Motorcyclist line up for fuel at a state-owned Pertamina petrol station in Tangerang
Motorcyclists line up for fuel at a state-owned Pertamina petrol station in Tangerang Reuters

Indonesia has increased fuel prices by more than 30% in a long-expected move, with a view to saving a significant amount for the ailing economy in subsidies.

The country, which has one of the cheapest fuel prices in the world, increased prices by 2,000 rupiah ($0.16, £0.10, €0.13) per litre to 8,500 rupiah for gasoline and 7,500 rupiah for diesel.

With the move, the government headed by President Joko Widodo expects to save more than $8bn in 2015.

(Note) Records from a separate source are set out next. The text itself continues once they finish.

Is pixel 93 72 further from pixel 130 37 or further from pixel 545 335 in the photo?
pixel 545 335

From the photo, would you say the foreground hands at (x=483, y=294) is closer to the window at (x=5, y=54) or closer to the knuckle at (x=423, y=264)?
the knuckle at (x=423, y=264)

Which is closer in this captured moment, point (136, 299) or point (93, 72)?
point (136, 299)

Widodo, who took office in October, said the move would boost government revenues and fix the country's trade imbalance.

"The country has needed a budget for infrastructure, healthcare and education but instead spent it on subsidising fuel," he told reporters.

Indonesia's fuel subsidy bill currently accounts for around one-fifth of total government spending, equivalent to around 3% of the GDP. Higher domestic fuel prices should also help reduce Indonesia's import bill, and narrow the current account deficit. Indonesia imports much of its fuel.

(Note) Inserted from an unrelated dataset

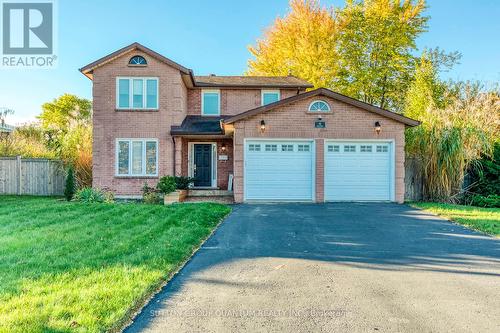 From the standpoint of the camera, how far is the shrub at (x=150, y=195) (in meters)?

Fuel subsidies in the world

"Today's move by Indonesia's new president to hike fuel prices is an encouraging first step on the road to reform. Although inflation is now likely to rise sharply, any spike should prove temporary, and we doubt the central bank will hike rates aggressively in response," Gareth Leather, Asia economist at Capital Economics, said earlier in a research note.

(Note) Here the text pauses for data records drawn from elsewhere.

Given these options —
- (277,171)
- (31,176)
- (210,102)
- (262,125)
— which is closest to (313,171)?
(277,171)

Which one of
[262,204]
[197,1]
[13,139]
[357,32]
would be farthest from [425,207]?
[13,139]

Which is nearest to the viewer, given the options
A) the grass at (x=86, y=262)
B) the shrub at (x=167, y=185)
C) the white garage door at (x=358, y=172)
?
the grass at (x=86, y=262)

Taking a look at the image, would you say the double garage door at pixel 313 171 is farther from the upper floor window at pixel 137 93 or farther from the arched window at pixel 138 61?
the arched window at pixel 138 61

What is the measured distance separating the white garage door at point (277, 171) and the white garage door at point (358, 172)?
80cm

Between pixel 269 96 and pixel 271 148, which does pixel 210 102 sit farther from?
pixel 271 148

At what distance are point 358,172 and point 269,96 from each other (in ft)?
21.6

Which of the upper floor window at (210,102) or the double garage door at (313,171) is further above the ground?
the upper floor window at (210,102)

"Although higher prices will reduce consumers' purchasing power, which will weigh on consumption, this may be somewhat outweighed by a boost in investor sentiment."

The unpopular move sparked minor protests in the country, according to media reports. In the past, hikes in fuel prices sparked large-scale social unrest in Indonesia. Fuel subsidies have already been cut three times over the past decade in the country.

The country's economic growth has slowed down in the third quarter at 5.01%, the slowest pace in five years.